### ShivanshJ's blog

By ShivanshJ, history, 2 months ago, Many of my friends asked this interesting OA problem to me:

Given an array of strings $A$ of size $N$ and two integers $B$ and $C$.

Let $D$ be the number of strings of length $C$ that contains exactly $B$ of the strings in $A$ as substring.

Return $D$ mod $10^9+9$.

Constraints

$1 \le N \le 6$

$1 \le |A[i]| \le 50$

All the $N$ strings are distinct

$0 \le B \le N$

$1 \le C \le 50.$

Note that if a substring belonging to set $A$ occurs multiple times in my resulting string, it is counted only once.

My approach:

Let $Z$ be the size of the alphabet $(26)$.

Let $dp[i][j][k][m]$ denote the number of strings satisfying the constraints:

1) It is of length $i$.

2) The longest suffix present in it which is a proper prefix of some string belonging to set $A$ is the substring $[k...i]$ and the string whose proper prefix is the $j^{th}$ string in set $A$, in case of multiple such strings in $A$ choose the one with longest length.
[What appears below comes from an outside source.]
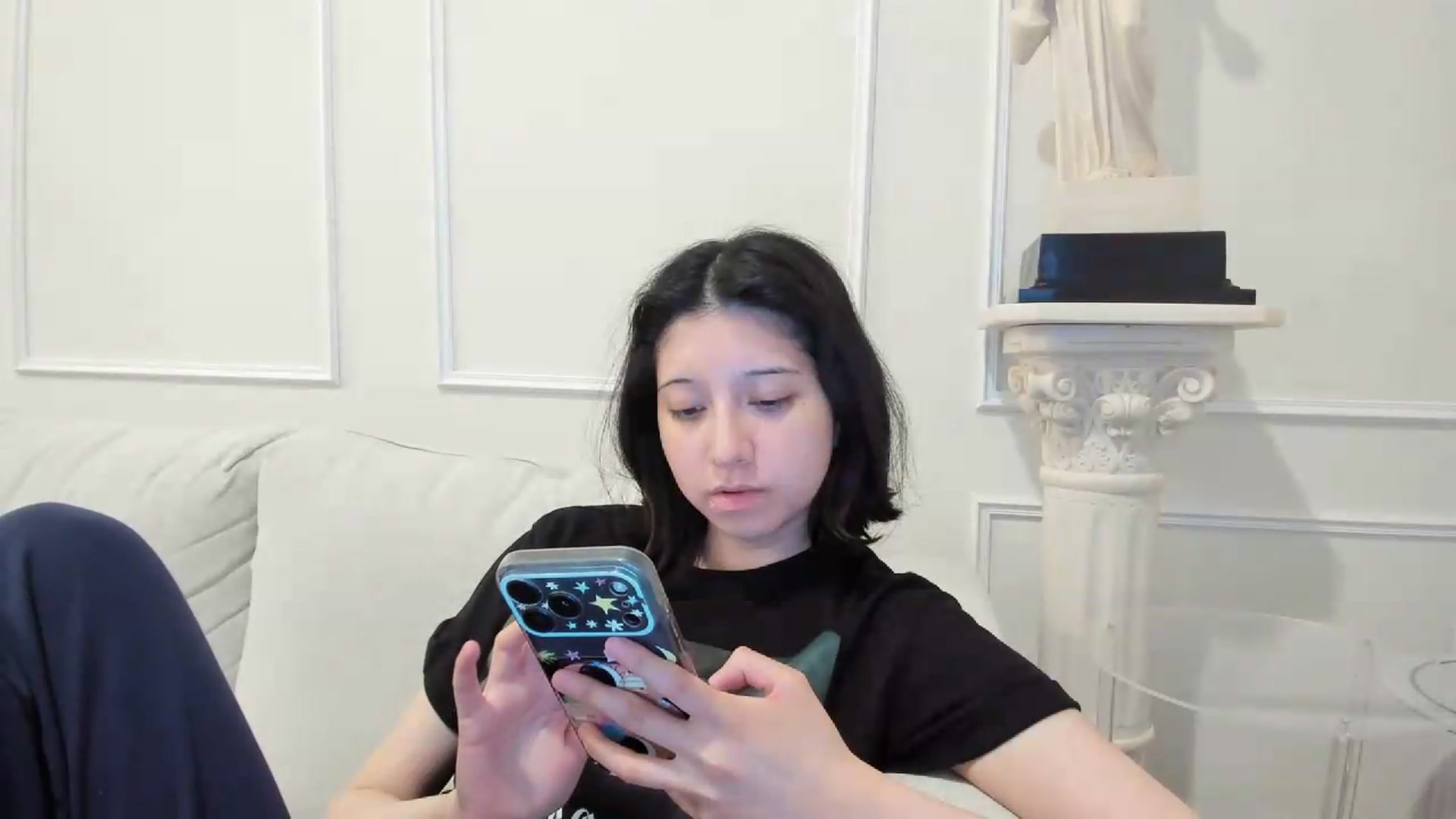Gallery image thumbnail from Cherrycute666's myfreecams stream on, 09/15/2026, 05:47 image 14 of 20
In case no such suffix exists, we can put a fake "empty string" at index $0$ in set $A$ (rest of the strings are numbered from $1$ to $N$) and assume that substring is $[i+1 , i]$.

3) The substrings (belonging to set $A$) which has already been occurred is denoted by mask $m$, more formally, if the $w^{th}$ string in $A$ has already occurred, then $w^{th}$ bit of $m$ is set, otherwise its not.

I'll write transitions via forward style dp, if I'm adding the $(i+1)^{th}$ character, then, it might "complete" some substrings, by this I mean, some suffix which was a proper prefix of some string in $A$ before adding character will now be a complete string belonging to set $A$. Note that all such strings will be the suffix of that longest suffix.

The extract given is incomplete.